____ Source records
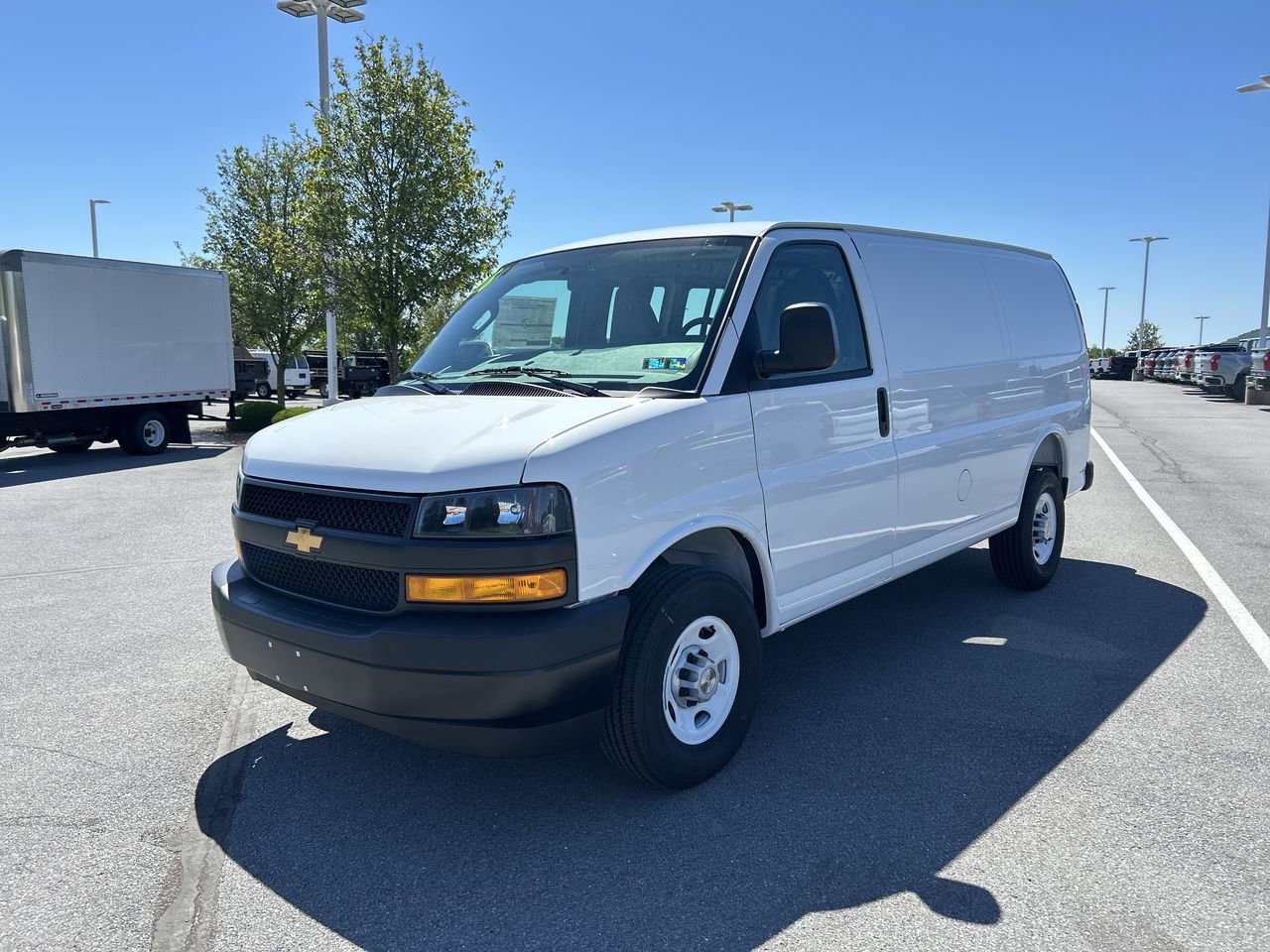 New 2026 Chevrolet Express Cargo 1WT Van Cargo Van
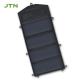 Waterproof Portable Sunpower Solar Panel Charger 28W Foldable Fabric for Camping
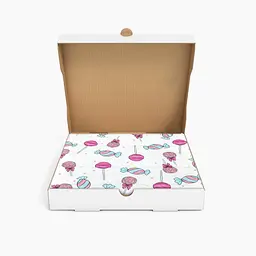 Бортики в дитяче ліжечко 30x120 LOLLIPOPS, рожевий (WeltBed_Lollipops_30x120) - мініатюра 3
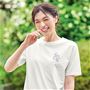 オフホワイトA 胸元アップ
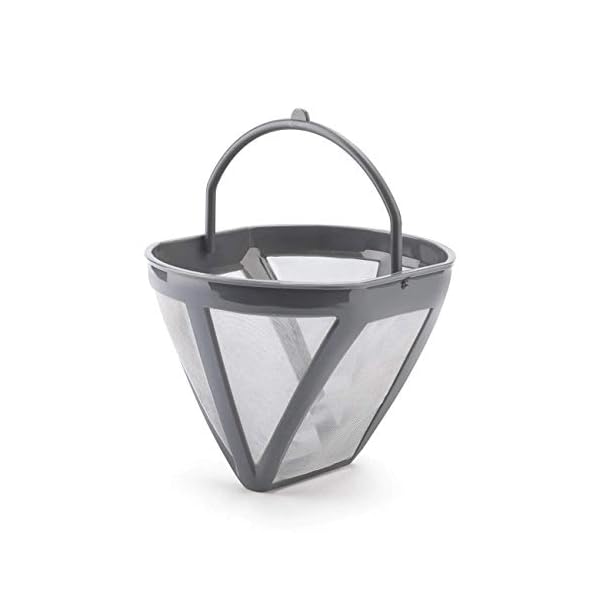 Cafetera de filtro italiana Smeg DCF02CREU 220v. Crema - Imagen 5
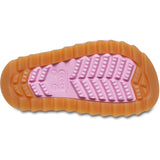 Crocs Pink Tweed/Gum Classic Neo Puff Stövlar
________
■ **Work order**: Please return the records as they stand, word for word, with no pictures.

■ **Worked solution**:
 New 2026 Chevrolet Express Cargo 1WT Van Cargo Van
 Waterproof Portable Sunpower Solar Panel Charger 28W Foldable Fabric for Camping
 Бортики в дитяче ліжечко 30x120 LOLLIPOPS, рожевий (WeltBed_Lollipops_30x120) - мініатюра 3
 オフホワイトA 胸元アップ
 Cafetera de filtro italiana Smeg DCF02CREU 220v. Crema - Imagen 5
 Crocs Pink Tweed/Gum Classic Neo Puff Stövlar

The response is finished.